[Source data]
▶
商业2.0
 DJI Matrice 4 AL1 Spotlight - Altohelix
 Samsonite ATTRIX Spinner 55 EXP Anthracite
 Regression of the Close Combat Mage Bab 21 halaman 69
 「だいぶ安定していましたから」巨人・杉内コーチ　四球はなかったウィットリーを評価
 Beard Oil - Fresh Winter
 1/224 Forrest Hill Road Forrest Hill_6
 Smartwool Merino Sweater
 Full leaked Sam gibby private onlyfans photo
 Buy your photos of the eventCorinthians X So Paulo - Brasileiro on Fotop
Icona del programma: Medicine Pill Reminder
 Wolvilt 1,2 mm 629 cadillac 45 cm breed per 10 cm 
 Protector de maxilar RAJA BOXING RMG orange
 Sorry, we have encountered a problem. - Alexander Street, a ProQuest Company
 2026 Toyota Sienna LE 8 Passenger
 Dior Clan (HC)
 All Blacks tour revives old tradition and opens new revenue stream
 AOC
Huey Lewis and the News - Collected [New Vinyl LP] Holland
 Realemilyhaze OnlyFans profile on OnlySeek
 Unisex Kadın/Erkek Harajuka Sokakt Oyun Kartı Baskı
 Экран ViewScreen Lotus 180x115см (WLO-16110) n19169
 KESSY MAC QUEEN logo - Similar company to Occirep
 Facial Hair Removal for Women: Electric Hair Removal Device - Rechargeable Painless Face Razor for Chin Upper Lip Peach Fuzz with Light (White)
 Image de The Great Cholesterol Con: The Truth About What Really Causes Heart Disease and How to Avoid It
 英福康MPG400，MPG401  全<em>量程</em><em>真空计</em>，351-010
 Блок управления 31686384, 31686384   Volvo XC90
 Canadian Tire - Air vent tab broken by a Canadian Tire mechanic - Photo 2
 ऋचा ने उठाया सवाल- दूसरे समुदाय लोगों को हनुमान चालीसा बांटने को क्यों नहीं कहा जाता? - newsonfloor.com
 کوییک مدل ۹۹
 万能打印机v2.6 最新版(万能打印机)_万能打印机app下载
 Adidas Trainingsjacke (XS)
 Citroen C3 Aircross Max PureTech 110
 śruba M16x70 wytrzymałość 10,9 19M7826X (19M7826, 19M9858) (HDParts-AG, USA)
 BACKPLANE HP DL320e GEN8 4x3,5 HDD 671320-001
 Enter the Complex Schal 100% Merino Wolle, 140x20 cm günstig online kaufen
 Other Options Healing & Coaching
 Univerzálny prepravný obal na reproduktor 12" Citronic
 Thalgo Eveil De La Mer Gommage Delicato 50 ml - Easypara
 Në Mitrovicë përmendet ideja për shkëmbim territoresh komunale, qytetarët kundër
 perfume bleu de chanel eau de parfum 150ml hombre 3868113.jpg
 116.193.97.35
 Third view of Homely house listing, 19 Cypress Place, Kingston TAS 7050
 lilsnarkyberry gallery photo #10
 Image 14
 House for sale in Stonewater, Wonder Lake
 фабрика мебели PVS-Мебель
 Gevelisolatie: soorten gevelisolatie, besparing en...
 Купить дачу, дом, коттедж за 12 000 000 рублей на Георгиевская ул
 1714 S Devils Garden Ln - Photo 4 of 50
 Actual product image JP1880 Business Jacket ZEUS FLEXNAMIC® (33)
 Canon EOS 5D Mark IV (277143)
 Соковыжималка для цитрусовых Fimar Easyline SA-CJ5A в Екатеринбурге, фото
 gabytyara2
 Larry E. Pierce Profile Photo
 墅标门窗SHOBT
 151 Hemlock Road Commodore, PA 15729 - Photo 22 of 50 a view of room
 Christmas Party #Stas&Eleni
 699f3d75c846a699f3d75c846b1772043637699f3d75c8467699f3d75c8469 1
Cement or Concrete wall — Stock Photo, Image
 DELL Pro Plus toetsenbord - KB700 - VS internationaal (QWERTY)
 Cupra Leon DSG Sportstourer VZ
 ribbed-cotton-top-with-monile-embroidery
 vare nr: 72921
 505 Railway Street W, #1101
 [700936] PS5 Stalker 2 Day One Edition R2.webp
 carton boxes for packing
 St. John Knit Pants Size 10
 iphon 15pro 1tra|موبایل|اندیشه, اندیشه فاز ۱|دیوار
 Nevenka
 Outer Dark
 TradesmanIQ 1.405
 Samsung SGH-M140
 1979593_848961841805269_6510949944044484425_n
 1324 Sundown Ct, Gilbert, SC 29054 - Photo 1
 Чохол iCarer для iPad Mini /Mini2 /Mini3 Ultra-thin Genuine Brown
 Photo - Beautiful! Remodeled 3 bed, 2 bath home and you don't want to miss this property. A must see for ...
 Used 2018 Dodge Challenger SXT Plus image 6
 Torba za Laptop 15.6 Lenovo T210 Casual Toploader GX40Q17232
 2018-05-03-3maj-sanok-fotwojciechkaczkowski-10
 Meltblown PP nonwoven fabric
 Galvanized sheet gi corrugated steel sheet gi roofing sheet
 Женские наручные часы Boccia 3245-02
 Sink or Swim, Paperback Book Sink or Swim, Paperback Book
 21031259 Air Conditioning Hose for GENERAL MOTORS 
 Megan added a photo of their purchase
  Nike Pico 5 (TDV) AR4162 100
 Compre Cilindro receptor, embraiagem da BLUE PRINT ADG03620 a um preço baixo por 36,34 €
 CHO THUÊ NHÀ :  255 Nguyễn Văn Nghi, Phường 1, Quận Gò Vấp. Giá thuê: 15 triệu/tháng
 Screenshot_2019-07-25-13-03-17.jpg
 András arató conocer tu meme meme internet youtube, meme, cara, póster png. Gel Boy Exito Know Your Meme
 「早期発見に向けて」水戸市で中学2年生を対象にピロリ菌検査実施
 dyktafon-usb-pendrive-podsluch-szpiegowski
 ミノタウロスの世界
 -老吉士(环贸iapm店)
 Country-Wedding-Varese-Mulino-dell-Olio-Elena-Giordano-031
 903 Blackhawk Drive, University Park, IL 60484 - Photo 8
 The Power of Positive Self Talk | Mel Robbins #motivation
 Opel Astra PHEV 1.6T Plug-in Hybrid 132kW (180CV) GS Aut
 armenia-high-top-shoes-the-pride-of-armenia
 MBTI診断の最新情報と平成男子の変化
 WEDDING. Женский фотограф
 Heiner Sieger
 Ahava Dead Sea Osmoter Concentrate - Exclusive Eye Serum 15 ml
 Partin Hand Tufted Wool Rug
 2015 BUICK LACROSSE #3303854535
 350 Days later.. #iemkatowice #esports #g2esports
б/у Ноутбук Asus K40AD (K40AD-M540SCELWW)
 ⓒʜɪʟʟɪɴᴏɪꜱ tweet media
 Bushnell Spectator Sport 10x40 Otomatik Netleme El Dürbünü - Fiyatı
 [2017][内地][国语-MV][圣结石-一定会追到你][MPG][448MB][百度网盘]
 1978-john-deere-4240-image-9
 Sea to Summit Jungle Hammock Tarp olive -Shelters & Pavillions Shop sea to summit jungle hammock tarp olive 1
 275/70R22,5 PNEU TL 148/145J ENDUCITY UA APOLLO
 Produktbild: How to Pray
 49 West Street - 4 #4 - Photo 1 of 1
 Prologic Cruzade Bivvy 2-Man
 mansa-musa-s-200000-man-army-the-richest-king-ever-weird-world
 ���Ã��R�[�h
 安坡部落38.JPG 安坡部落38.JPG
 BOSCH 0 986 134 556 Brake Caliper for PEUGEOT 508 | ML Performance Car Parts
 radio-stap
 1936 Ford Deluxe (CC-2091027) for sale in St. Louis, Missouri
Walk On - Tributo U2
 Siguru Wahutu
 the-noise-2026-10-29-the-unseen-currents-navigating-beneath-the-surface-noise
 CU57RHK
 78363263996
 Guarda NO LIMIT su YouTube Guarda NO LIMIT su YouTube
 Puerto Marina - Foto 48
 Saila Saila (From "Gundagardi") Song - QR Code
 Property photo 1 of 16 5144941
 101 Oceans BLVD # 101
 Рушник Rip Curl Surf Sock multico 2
◀
Task requirements:
From the data above, output exactly the lines between the one containing "DJI Matrice 4 AL1 Spotlight - Altohelix" and the one containing "Huey Lewis and", counting both of them.

Result of the exercise:
 DJI Matrice 4 AL1 Spotlight - Altohelix
 Samsonite ATTRIX Spinner 55 EXP Anthracite
 Regression of the Close Combat Mage Bab 21 halaman 69
 「だいぶ安定していましたから」巨人・杉内コーチ　四球はなかったウィットリーを評価
 Beard Oil - Fresh Winter
 1/224 Forrest Hill Road Forrest Hill_6
 Smartwool Merino Sweater
 Full leaked Sam gibby private onlyfans photo
 Buy your photos of the eventCorinthians X So Paulo - Brasileiro on Fotop
Icona del programma: Medicine Pill Reminder
 Wolvilt 1,2 mm 629 cadillac 45 cm breed per 10 cm 
 Protector de maxilar RAJA BOXING RMG orange
 Sorry, we have encountered a problem. - Alexander Street, a ProQuest Company
 2026 Toyota Sienna LE 8 Passenger
 Dior Clan (HC)
 All Blacks tour revives old tradition and opens new revenue stream
 AOC
Huey Lewis and the News - Collected [New Vinyl LP] Holland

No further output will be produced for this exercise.